El caso de Joan Piera desmonta esa acusación. Es el el dueño de Casa Piera. En Barcelona hay solo media docena de tiendas extraordinarias dedicadas a las bellas artes. La suya es una de ellas. "Hace 15 años, vista la nueva ley de arrendamientos urbanos, pedí renegociar el contrato". No se durmió en los laureles. Primero le dijeron que no había prisa. Después vino un sospechoso silencio. Al final no le han dado ni siquiera la opción de renovar el contrato. Su caso es menos dramático que el de otros afectados porque, listo y previsor, compró un local en la calle del Pintor Fortuny y allí se trasladará la totalidad del negocio a finales de diciembre. Casa Piera sobrevivirá pues al 2014, lo cual tal vez no pueda decirse del encanto que tenía la calle del Cardenal Cassanyes, donde desde 1941 estaba abierta al público la tienda, a dos pasos de la librería Documenta, otra víctima de la ley de arrendamientos urbanos.

La cuestión es que Piera tuvo la sensación de chocar con el impenetrable muro del administrador de la finca, una colisión que describen de forma prácticamente invariable la mayoría de los comerciantes que se enfrentan al cierre de su negocio en menos de 58 días. "Hemos pedido negociar directamente con el dueño del inmueble, apelar a su sentido común, exponerle lo que está en juego, puestos de trabajo, la peculiaridad del establecimiento…, pero el administrador no nos deja". Lo cuenta el responsable de uno de los últimos negocios añejos de la calle Ferran. La sospecha generalizada es que en esta batalla comercial que se libra en el centro de la ciudad, los administradores de fincas están tensando la cuerda a veces más por interés propio (a mayor alquiler, mayor factura) que por interés de sus representados. Es una acusación muy gruesa, pero como si esto fuera un 'cluedo', hay a veces pistas que conducen a esa conjetura.

Ahí está, por ejemplo, el caso de El Drac de Sant Jordi. Es la chocolatería que ha abierto sus puertas ahí donde durante 173 años estuvo la juguetería Montforte, en la plaza de Sant Josep Oriol. Montse está convencida de que pudo abrir el negocio porque el azar hizo que se cruzara en su camino la dueña del inmueble, que se dejó convencer para rebajar el precio del alquiler tras una detallada explicación de cómo pretendía preservar la arquitectura de la tienda y servir allí tazas de chocolate de primera calidad.
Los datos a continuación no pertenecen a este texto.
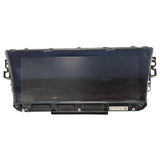 13-15 Lexus GS350 GS450h Information 12.3'' Display Navigation 83290-30100 OEM - product image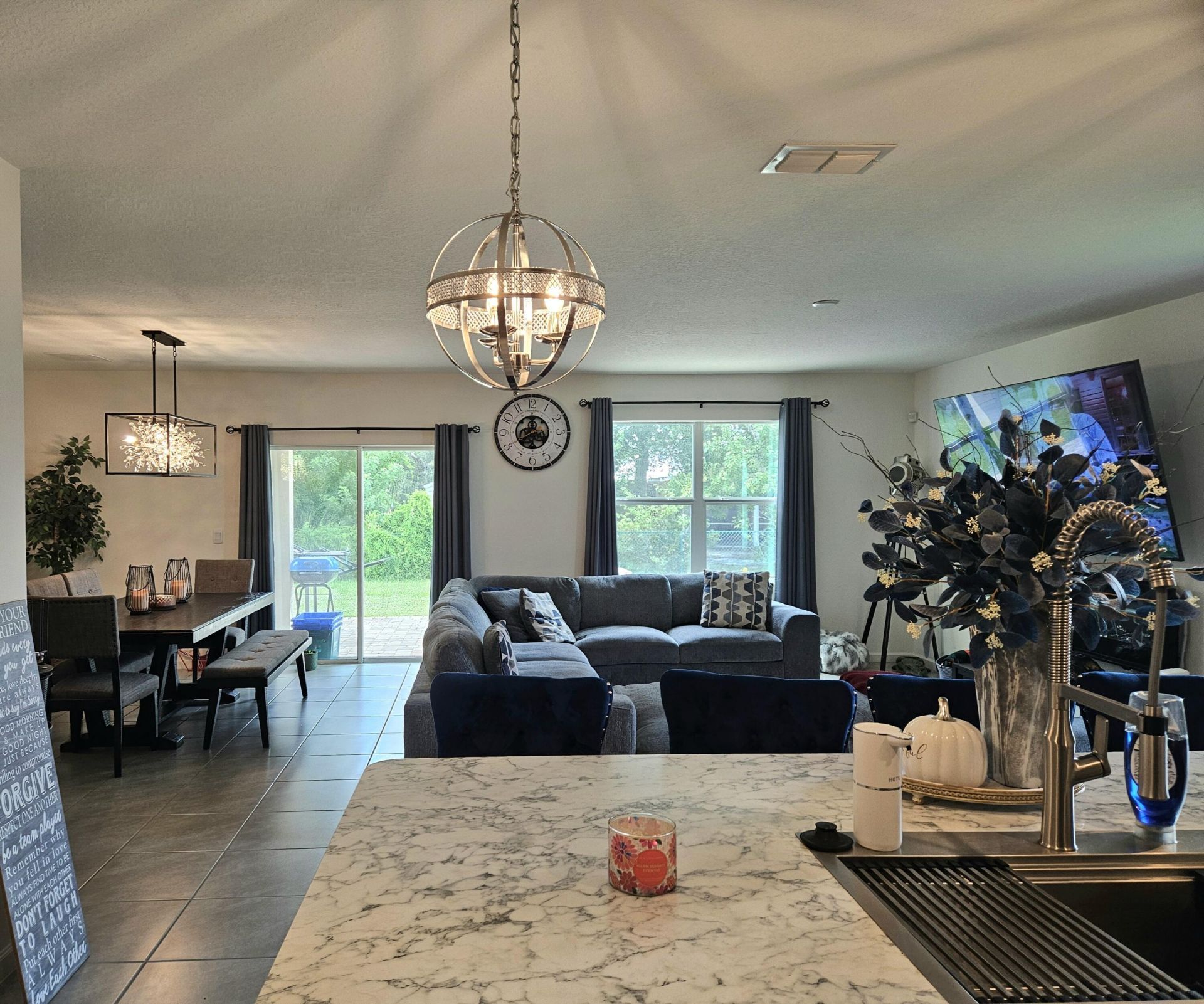1017 SW Longfellow Road, Port Saint Lucie, FL 34953 Photo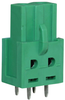 Terminal Block, Socket, 4Pos, Th; Gender Camdenboss - 78Y6620 - Newark, An Avnet Company
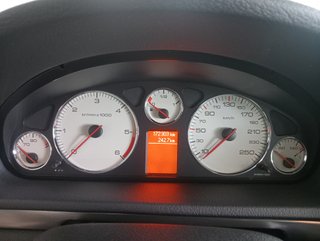 Peugeot 407 2010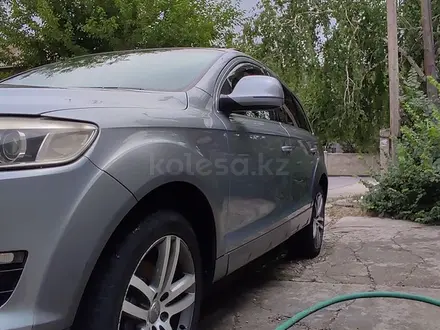 Audi Q7 2007 года за 6 000 000 тг. в Тараз – фото 6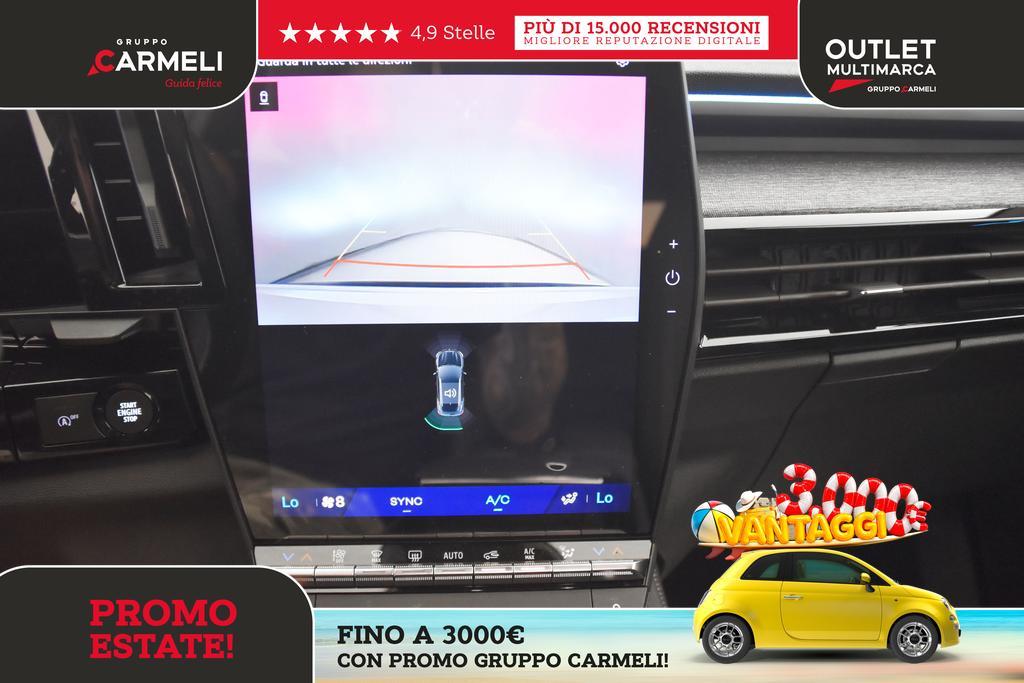 Renault Austral 1.3 mild hybrid Techno Auto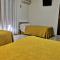 Hostal Madrid I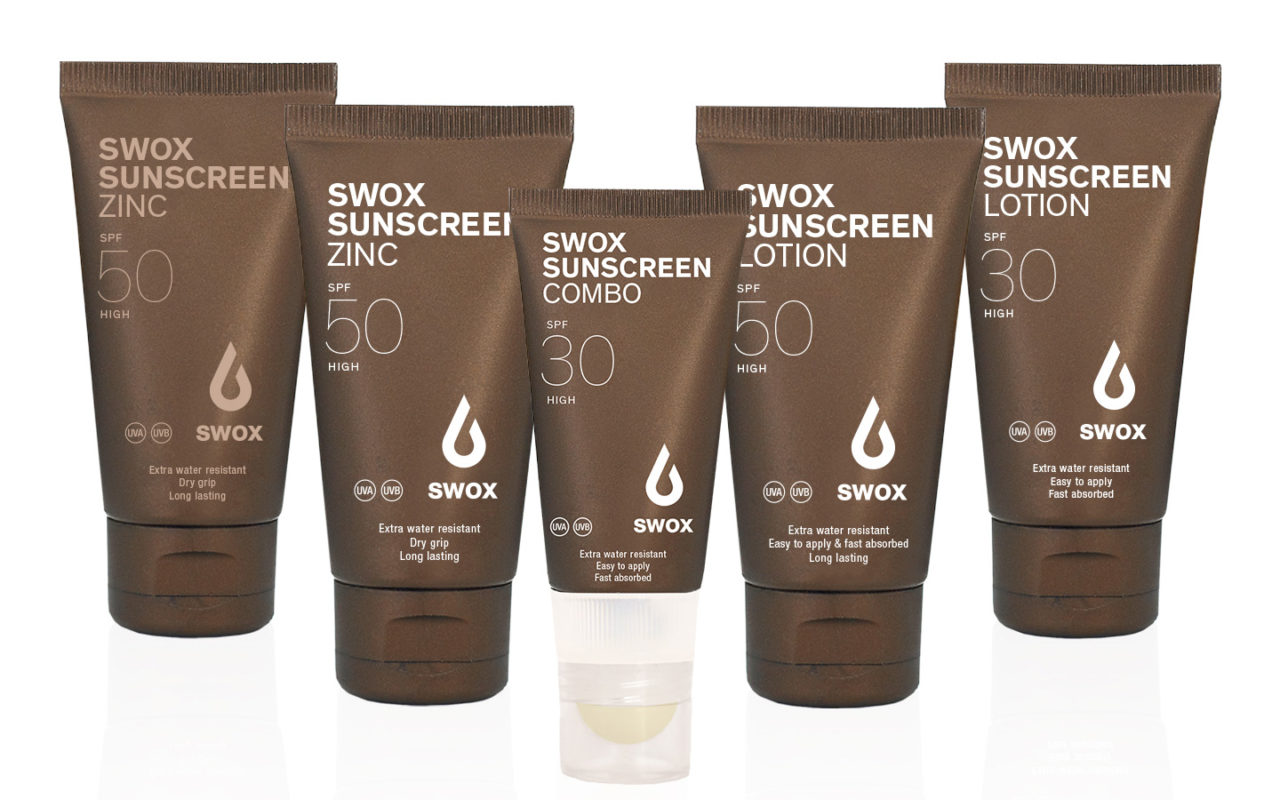 SWOX® Protection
En resumen. Algunos ya han anunciado que cerrarán. El IndioDeulofeu... Otros, el colmado Quílez y la quesería Simó, por ejemplo, negocian con discreción. Su desaparición sería una pésima noticia. La librería Sant Jordi prefiere hacer ruido. El mundo de la cultura graba videos reivindicativos para evitar su cierre. El cambio de año, en definitiva, será traumático, pero la historia no terminará ahí. Los que sobrevivan puede que lo hagan con alquileres por encima de la lógica comercial. Según se mire, el diezmo medieval era más justo.